The PC games space is one that’s ever changing. CPU and GPU technology constantly push the boundaries beyond any other platform, but sadly, the PC also suffers the most from piracy.
Tom’s Games spoke to Yves Guillemot, Guillemot starts off with something almost all PC gamers can agree with: “The consoles at certain periods are more powerful than the PC, but the PC can improve its capacity and ability every year so the cycle changes. Generally, the PC gaming business gets better over time in these console cycles. So as we continue this cycle, graphically the PCs will continue to get better and the features will become more interesting.”
That’s where the good news ends, however, as Guillemot confirms that PC piracy is influencing the company’s developers to focus on consoles. “Piracy is enormously damaging to the market,” he said, adding that the Internet has made piracy easy to do. “So what do we do? Well, it’s better not to invest a lot of money on that particular platform.”

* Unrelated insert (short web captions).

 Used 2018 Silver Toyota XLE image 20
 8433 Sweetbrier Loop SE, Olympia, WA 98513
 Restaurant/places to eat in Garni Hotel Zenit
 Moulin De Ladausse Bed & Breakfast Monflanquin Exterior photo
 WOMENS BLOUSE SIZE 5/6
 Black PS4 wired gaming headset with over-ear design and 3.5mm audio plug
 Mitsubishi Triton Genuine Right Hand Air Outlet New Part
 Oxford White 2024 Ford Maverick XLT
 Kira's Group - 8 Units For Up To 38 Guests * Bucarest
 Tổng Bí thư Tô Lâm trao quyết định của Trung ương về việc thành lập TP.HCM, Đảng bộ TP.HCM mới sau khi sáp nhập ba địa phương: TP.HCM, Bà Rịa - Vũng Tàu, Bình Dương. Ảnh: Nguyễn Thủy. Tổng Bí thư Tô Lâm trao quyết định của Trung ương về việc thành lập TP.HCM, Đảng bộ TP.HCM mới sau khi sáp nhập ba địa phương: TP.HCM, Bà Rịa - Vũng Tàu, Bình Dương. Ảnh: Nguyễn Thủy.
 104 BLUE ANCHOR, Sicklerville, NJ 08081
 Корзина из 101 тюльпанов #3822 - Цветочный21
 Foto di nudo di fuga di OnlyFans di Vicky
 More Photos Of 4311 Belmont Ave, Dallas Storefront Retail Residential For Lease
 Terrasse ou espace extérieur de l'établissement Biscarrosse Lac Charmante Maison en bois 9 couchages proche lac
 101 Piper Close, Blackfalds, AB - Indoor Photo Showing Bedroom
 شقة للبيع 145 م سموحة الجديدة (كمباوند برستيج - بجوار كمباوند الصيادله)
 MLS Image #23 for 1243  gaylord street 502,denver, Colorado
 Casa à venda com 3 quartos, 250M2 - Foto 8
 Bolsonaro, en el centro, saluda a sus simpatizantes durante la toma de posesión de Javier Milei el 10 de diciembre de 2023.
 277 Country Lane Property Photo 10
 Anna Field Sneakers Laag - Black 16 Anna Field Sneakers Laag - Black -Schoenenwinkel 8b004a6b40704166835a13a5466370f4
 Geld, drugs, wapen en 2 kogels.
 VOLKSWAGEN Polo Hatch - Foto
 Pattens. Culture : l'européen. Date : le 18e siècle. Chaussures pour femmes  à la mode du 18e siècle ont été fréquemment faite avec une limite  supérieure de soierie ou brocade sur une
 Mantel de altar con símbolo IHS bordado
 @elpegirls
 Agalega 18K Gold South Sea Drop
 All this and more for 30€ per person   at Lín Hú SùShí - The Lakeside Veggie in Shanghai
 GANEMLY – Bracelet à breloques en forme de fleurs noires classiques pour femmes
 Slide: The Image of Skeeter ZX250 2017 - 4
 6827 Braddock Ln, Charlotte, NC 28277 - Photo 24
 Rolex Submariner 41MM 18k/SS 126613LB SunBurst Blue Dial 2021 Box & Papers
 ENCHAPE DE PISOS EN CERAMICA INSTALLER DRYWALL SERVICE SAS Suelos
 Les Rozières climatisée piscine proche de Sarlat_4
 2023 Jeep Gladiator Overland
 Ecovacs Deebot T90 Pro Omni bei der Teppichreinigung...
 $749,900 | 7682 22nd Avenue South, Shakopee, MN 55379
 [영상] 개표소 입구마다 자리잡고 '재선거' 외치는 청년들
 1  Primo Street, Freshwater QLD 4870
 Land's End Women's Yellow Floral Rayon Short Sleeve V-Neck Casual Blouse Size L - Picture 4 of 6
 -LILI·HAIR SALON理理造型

“We know that the developers that are creating the PC game are not going to get paid for the work they do and the games won’t break even. So we prefer to focus on platforms that maybe have less piracy and where more customers are actually paying for the content they consume,” said Guillemot. “We greatly reduced the number of people working on PC games because of that.” Ubisoft isn’t ditching PC publishing altogether, but it certainly isn’t as focused as it used to be. The company now hopes to keep PC in the running with better copy protection measures. The problem now is coming up with a system that PC gamers will accept.
“The PC gaming community is very often against any kind of system that prohibits piracy, which I have difficulty understanding. They need to help us to make sure we can invest on the PC, because if we can’t get a return on investment with PC games then we will not invest,” he explains.
One problem is with invasive copy protections that do more to hassle the legit gamer than anything else. Guillemot said that the company is now looking for “a system that will make sure you have a better experience when you buy than game rather than when you don’t buy it.”
Until the PC market changes, there could be fewer and fewer games for platform. Guillemot calls the PC-centric Far Cry 2 game, which will also be released on Xbox 360 and PS3, an “exception.”